Caps hope the all-star break helps them get healthy without losing momentum.
Braden Holtby’s eyes quickly scanned the locker room as he considered his teammates and the three-day break they were about to get.
“We’ve had a lot of guys playing through a lot of stuff,” Holtby said Thursday. “. . . The rest will be good to heal those guys up and make sure we have a full roster.”
The Washington Capitals had rolled through December and January, with their 20-4-4 record in those two months moving them atop the league standings with 72 points. When a team has momentum like that, it often doesn’t want to stop playing. But the Capitals were eager for the all-star break, hopeful it would help them get much-needed rest after a packed schedule to start the season. Washington will get another break in two weeks, when the team has a five-day bye week, something new in the NHL this season.
Lengthy breaks can derail a team that’s been playing well, something the Capitals experienced a year ago when a snowstorm caused game cancellations just before the all-star break. But Washington isn’t worried about history repeating itself, instead focusing on what the rest can do for the Capitals going forward.
“Our goal is to be ready for playoffs,” Holtby said. “And rest always helps when it comes to healing bodies this time of year.”
The Capitals have been by far the league’s healthiest team this season, losing just 18 man-games to injury. The St. Louis Blues, the second-healthiest, have lost 69 man-games. Coach Barry Trotz has attributed his team’s health to balancing minutes in an attempt to tax his top players less. But even in doing that, he sensed the fatigue ahead of the all-star break as Washington crawled to the finish line after a stretch of 14 games in 26 days in January.
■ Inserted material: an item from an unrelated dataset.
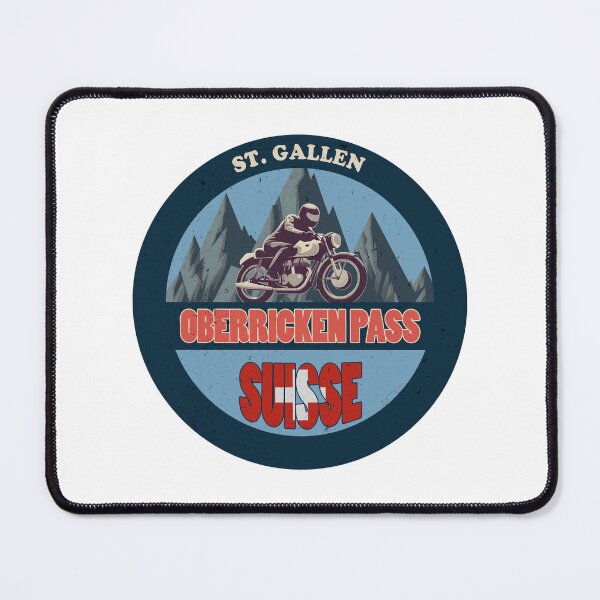Item preview, Oberricken Pass, St. Gallen, Switzerland designed and sold by Wanderful-roads.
“Our schedule was catching up to us,” Trotz said. “You could tell in our play. You could tell we had some tired legs out there. So, the break couldn’t come at a better time for us, really.”
Defenseman John Carlson missed the six games before the break with an undisclosed “lower-body” injury, and Trotz said he’s working out in Florida this weekend and is expected to be back in the lineup Tuesday against the New York Islanders, the first game after the break. Center Jay Beagle missed a game because of an illness that has been going around the locker room.
“We’ve got a lot of guys who are a little bit sick and some guys who are banged up this time of year,” defenseman Brooks Orpik said. “Any rest you can get is good for you. You’ve got to use it wisely and know that we have a tough schedule coming back, so it’s not three days of full vacation, but it’s three days of rest and hopefully we use it that way.”
But the Capitals didn’t handle long breaks very well last season, and this year, they have a 24-2-2 record with just one day’s rest. A January snowstorm last year caused two games to be postponed and that, coupled with the all-star break, meant Washington played just two games in two weeks. The team continued to win down the stretch, but it wasn’t the dominant force it had been earlier in the season, and Washington again lost in the second round of the playoffs.
The break didn’t help, but the Capitals also let off the gas a little because of their large lead. “You finally pick your head up once the break is over and you realize where you’re at,” defenseman Nate Schmidt said. That’s not possible this season with how competitive the Eastern Conference is. Even after a strong January, the Capitals are still just four points ahead of the Columbus Blue Jackets, who have one game in hand.
While several players said this break and the bye week coming up feel different from last season, there were still lessons learned. Schmidt said it’s important to rest but also be mindful about keeping the body moving, so he likes to do some swimming. But the entire team could use time away from the ice.
“We haven’t had any time off, you know? We’ve played every other day, it seems like,” defenseman Karl Alzner said. “We’ve just been able to roll it over, and that’s been nice, but I think we need some time off. Guys just eventually start to break down, you know? If anything, I think it’ll be good for us.”
“We’ve had a lot of guys playing through a lot of stuff,” Capitals all-star goalie Braden Holtby said.